● **PROBLEM TO SOLVE**
Return every entry exactly, except for any pictures.
*** DATA Section Begins ***
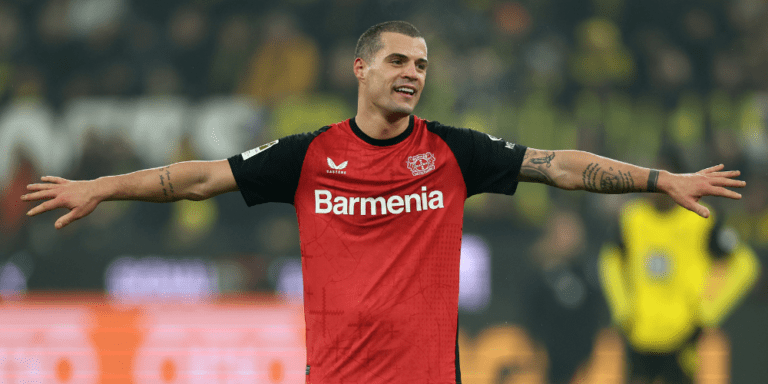 AC Milan are set to step up their interest in signing Granit Xhaka from Bayer Leverkusen
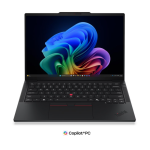 Lenovo ThinkPad T14s G7 Intel | Black | 14 " | IPS | WUXGA | 1920 x 1200 pixels | Anti-glare | Intel Core Ultra 7 | 355 | 32 GB | Soldered LPDDR5X | Solid-state drive capacity 512 GB | Intel Graphics | Windows 11 Pro | 802.11be | Bluetooth version 5. ...
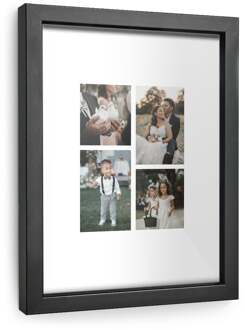 YourSurprise Zwarte lijst met gepersonaliseerde fotoafdruk - 15x20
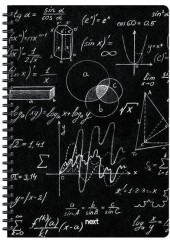 ΤΕΤΡΑΔΙΟ ΣΠΙΡΑΛ 17Χ25 2 ΘΕΜΑΤΑ 70 ΦΥΛΛΑ TRENDS MATHEMATICS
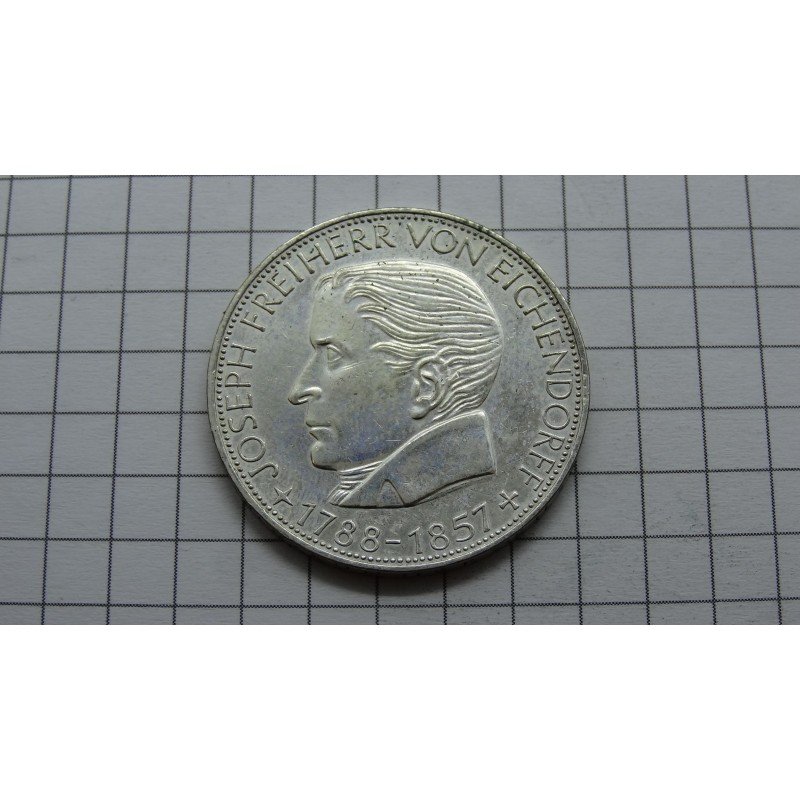 germany-brd-vfr-5-mark-1957-j-eichendorff-coins24-lt germany-brd-vfr-5-mark-1957-j-eichendorff-coins24-lt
*** DATA Section Ends ***
● **ANSWER SECTION**
 AC Milan are set to step up their interest in signing Granit Xhaka from Bayer Leverkusen
 Lenovo ThinkPad T14s G7 Intel | Black | 14 " | IPS | WUXGA | 1920 x 1200 pixels | Anti-glare | Intel Core Ultra 7 | 355 | 32 GB | Soldered LPDDR5X | Solid-state drive capacity 512 GB | Intel Graphics | Windows 11 Pro | 802.11be | Bluetooth version 5. ...
 YourSurprise Zwarte lijst met gepersonaliseerde fotoafdruk - 15x20
 ΤΕΤΡΑΔΙΟ ΣΠΙΡΑΛ 17Χ25 2 ΘΕΜΑΤΑ 70 ΦΥΛΛΑ TRENDS MATHEMATICS
 germany-brd-vfr-5-mark-1957-j-eichendorff-coins24-lt germany-brd-vfr-5-mark-1957-j-eichendorff-coins24-lt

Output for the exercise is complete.